A San Luca, epicentro di questa storia, la Fondazione ha operato per decenni. Ma oggi, spiega Morace, «il legame col territorio è stato spezzato. E il rischio è che a trionfare non sia lo Stato, ma l’abbandono». Poi l’affondo, lucidissimo: «Lo Stato non fa nulla per creare alternative. Non ci sono biblioteche, non ci sono spazi per i giovani, non ci sono luoghi dove imparare, crescere, immaginare. Solo motorette che girano senza meta. Ma allora chiediamoci: chi vince davvero in questo vuoto?»
Il nodo politico-istituzionale è ancora più inquietante. Perché nel caso San Luca – come nel caso Fondazione – lo Stato si contraddice da solo. «Da studioso, ho letto tutto. E ho trovato una contraddizione evidente. Da una parte la Commissione d’accesso, che chiede lo scioglimento del Comune, con motivazioni francamente tirate per i capelli. Dall’altra, la Commissione Antimafia, che fa un lavoro eccellente – soprattutto nella parte storico-sociologica – e si dichiara contraria ai commissariamenti. E lo fa in modo netto. Addirittura chiude i suoi atti dicendo: “Se non ci sono candidati, ci candideremo noi” pur di evitare l’ennesimo scioglimento».
Eppure, nonostante questa posizione ufficiale, il Ministro Piantedosi porta comunque lo scioglimento in Consiglio dei Ministri. «E lo fa dichiarando lui stesso dubbi sull’efficacia del provvedimento. Ma allora, scusatemi: chi ha ragione? La Commissione Antimafia o la Commissione d’accesso? Se lo Stato si divide su se stesso, come può pensare di rappresentare credibilmente il territorio?».

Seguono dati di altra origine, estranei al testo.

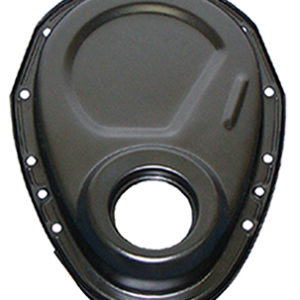 Milodon Timing Cover 65502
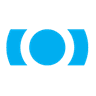 Tropo logo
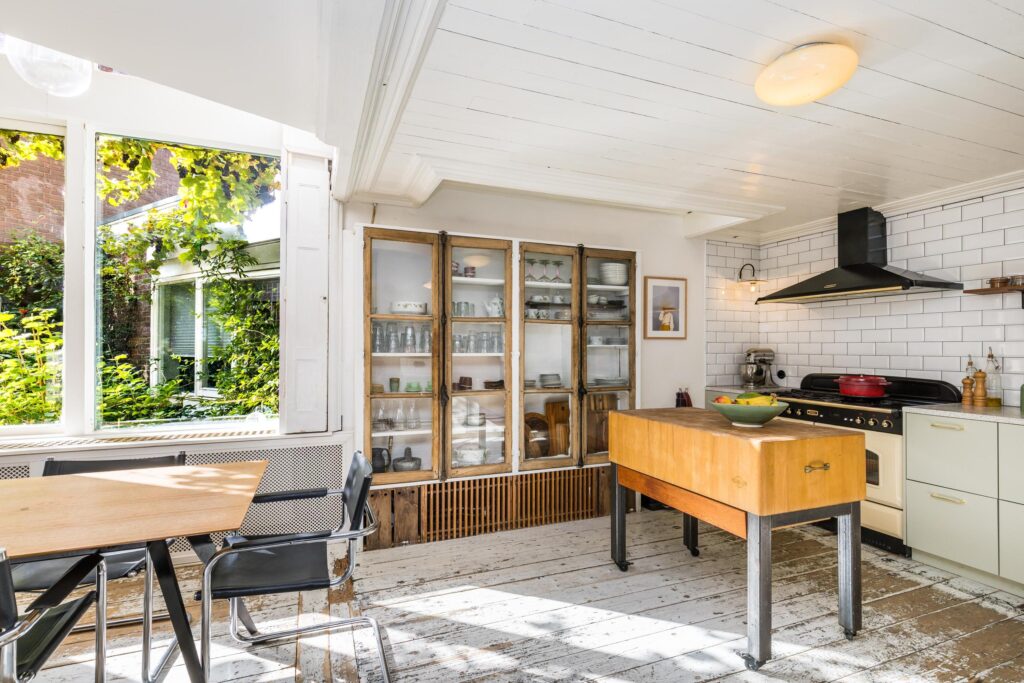 Woning foto 15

Il racconto di Morace si fa più amaro quando rievoca episodi che sanno di beffa. «Quando andammo dal Commissario prefettizio, ci sentimmo dire: “Ma perché non vi sciogliete?” Una frase che dice tutto. Invece di aiutarci, ci si invitava a scomparire. Anche in occasione del convegno su Padre Stefano De Fiores, il primo presidente della Fondazione, un uomo morto in odore di santità, il Commissario si alzò e se ne andò prima ancora che cominciasse l’incontro, senza salutare il vescovo Bregantini, né i docenti venuti da Roma. Lo Stato non c’era. E allora, anche quel giorno, dissi ad alta voce: “Dov’è lo Stato?”».
Alla vigilia del ricorso al Tar, Morace non cerca vendette né rivincite. Ma rivendica la verità. «Mi auguro che il reintegro della Fondazione, se ci sarà, non resti un gesto isolato. Mi auguro che ci sia un sussulto, un’assunzione di responsabilità. Non crociate, ma una legge speciale per questi paesi dimenticati, condannati al sospetto. Perché nessuna Calabria potrà mai risollevarsi finché sarà vista solo come emblema di mafia. San Luca ha diritto a esistere. La Fondazione aveva il compito – e l’ambizione – di raccontarlo al mondo».
Poi, la voce si fa ancora più piana. Ma non meno incisiva. «Io non ho paura. Non ho ombre. Ho fatto solo quello che ritenevo giusto. Ma è dura vedere una Regione che non si difende, una cultura che non viene protetta, una gioventù che resta senza alternative. È in quel vuoto che la mafia prospera. E noi invece abbiamo perso un’occasione».
E allora, ancora una volta, Morace si ferma. Guarda indietro. Guarda avanti. E ripete la stessa, lacerante domanda che aveva lanciato anni fa durante un convegno rimasto senza risposta: «Dov’è lo Stato?».